Tutti coloro i quali vedono il proprio sito web compreso nell’ampia casistica indicata dal dispositivo di legge dovranno presumibilmente entrare in un apposito ROC (Registro degli Operatori di Comunicazione): «ai fini della tutela della trasparenza, della concorrenza e del pluralismo nel settore editoriale, tutti i soggetti che esercitano l’attività editoriale sono tenuti all’iscrizione nel Registro degli operatori di comunicazione […] Sono esclusi dall’obbligo della registrazione i soggetti che operano come punti finali di vendita dei prodotti editoriali. L’iscrizione al Registro degli operatori di comunicazione è condizione per l’inizio delle pubblicazioni dei quotidiani e dei periodici, e sostituisce a tutti gli effetti la registrazione presso il Tribunale, di cui all’articolo 5 della legge 8 febbraio 1948, n. 47».

Il ROC sarà tenuto dall’Autorità per le garanzie nelle comunicazioni (AGCOM), da cui verrà emanato un regolamento che definirà i criteri specifici di applicazione che la legge (se approvata) andrà a definire. L’articolo 7 evita ogni incomprensione andando a precisare quelli che saranno gli obblighi per il settore di internet. Comma 1: «l’iscrizione al Registro degli operatori di comunicazione dei soggetti che svolgono attività editoriale su internet rileva anche ai fini dell’applicazione delle norme sulla responsabilità connessa ai reati a mezzo stampa»; comma 2: «per le attività editoriali svolte su internet dai soggetti pubblici si considera responsabile colui che ha il compito di autorizzare la pubblicazione delle informazioni».

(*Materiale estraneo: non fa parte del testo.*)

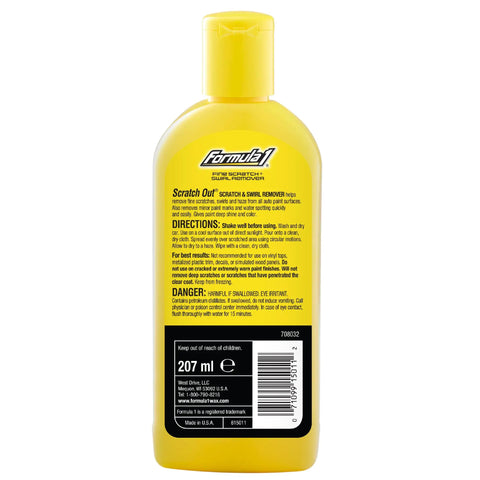 Back view of Scratch Out Liquid Car Scratch Remover And Polishing Compound For Light Scratches, 7 oz bottle, instructions visible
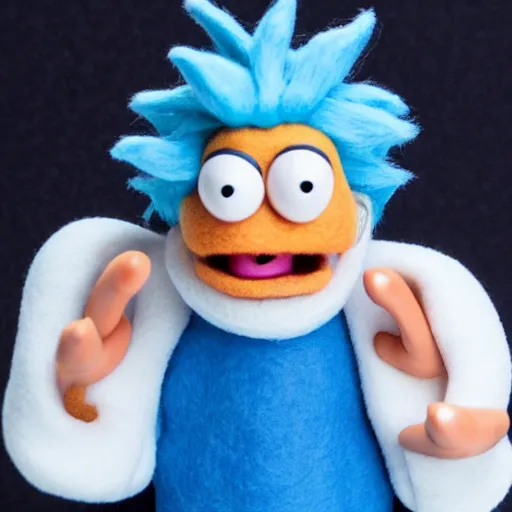 Prompt: rick sanchez as a muppet with peach skin, blue hair wearing a white lab coat. highly detailed felt. hyper real photo. 4 k.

La parte restante dei 32 articoli del disegno di legge regolamentano la distribuzione dei contributi per i prodotti editoriali andando a citare anche i profili occupazionali e previdenziali. Ma la grande novità è quella sul web e forte è la curiosità sulle possibili interpretazioni che il regolamento finale potrà dare della legge. Il grosso cambiamento sembra essere soprattutto nelle responsabilità relative all’informazione diffusa. Secondo Sabrina Peron, avvocato sentito da Repubblica in funzione di autrice del libro “La diffamazione tramite mass-media”, il grosso cambiamento è relativo al reato di diffamazione: «la vecchia legge sulle provvidenze all’editoria, quella del 2001, non estendeva ai siti Internet l’articolo 13 della Legge sulla Stampa. Detto in parole elementari, la diffamazione realizzata attraverso il sito era considerata semplice. Dunque le norme penali la punivano in modo più lieve. Questo nuovo disegno di legge, invece, classifica la diffamazione in Internet come aggravata. Diventa a pieno una forma di diffamazione, diciamo così, a mezzo stampa».

Nessun pericolo, almeno a parole, per i piccoli siti e per i blog. «Lo spirito del nostro progetto non è certo questo. Non abbiamo interesse a toccare i siti amatoriali o i blog personali, non sarebbe praticabile»: parola di Ricardo Franco Levi, sottosegretario alla Presidenza del Consiglio indicato come principale autore della riforma prevista dal disegno di legge approvato dal Consiglio dei ministri. Il disegno di legge dovrà comunque ora attraversare un lungo iter ed il rumore già sollevatosi sulla rete lascia ipotizzare un braccio di ferro non indifferente che verterà ancora una volta, per l’ennesima volta, sul punto più controverso: la definizione di “editoria”.